Items from a dataset

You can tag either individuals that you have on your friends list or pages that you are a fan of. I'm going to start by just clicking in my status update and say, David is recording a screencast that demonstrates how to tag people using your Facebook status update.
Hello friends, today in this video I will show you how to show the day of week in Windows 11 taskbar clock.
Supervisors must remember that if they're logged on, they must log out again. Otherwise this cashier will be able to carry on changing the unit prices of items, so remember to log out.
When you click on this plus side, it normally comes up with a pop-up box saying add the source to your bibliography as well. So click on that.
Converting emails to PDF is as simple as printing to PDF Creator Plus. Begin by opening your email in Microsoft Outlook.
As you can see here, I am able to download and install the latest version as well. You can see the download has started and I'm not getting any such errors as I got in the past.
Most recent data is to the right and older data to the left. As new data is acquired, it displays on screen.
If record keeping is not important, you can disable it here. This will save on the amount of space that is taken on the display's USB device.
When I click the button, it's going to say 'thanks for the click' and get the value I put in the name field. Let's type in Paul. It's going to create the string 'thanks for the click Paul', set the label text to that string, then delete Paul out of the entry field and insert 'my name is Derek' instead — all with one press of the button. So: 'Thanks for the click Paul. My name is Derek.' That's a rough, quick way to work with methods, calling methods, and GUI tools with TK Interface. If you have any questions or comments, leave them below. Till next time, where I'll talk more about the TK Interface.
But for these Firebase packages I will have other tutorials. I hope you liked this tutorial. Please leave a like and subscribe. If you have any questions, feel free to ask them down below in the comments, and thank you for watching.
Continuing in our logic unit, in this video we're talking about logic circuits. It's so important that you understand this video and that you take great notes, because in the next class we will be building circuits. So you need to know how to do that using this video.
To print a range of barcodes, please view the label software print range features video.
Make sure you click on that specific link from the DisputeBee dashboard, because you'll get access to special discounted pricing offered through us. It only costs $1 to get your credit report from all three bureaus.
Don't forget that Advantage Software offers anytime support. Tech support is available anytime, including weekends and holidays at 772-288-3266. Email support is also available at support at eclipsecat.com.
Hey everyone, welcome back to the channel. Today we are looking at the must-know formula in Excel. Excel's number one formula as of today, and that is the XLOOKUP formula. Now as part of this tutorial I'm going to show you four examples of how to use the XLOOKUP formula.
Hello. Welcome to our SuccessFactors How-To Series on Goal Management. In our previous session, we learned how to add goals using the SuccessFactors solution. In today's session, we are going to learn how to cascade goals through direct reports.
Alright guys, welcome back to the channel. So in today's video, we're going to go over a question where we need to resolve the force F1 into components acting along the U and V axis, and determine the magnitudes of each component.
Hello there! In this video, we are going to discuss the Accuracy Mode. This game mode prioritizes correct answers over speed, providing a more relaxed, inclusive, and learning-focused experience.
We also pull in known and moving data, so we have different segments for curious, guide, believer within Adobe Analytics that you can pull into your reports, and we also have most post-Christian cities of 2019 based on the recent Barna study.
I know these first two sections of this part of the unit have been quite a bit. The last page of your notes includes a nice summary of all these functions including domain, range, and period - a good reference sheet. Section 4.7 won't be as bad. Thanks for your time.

**About this exercise**
From the data, list each line in which the string "below" appears.

**Exercise answer**
When I click the button, it's going to say 'thanks for the click' and get the value I put in the name field. Let's type in Paul. It's going to create the string 'thanks for the click Paul', set the label text to that string, then delete Paul out of the entry field and insert 'my name is Derek' instead — all with one press of the button. So: 'Thanks for the click Paul. My name is Derek.' That's a rough, quick way to work with methods, calling methods, and GUI tools with TK Interface. If you have any questions or comments, leave them below. Till next time, where I'll talk more about the TK Interface.
But for these Firebase packages I will have other tutorials. I hope you liked this tutorial. Please leave a like and subscribe. If you have any questions, feel free to ask them down below in the comments, and thank you for watching.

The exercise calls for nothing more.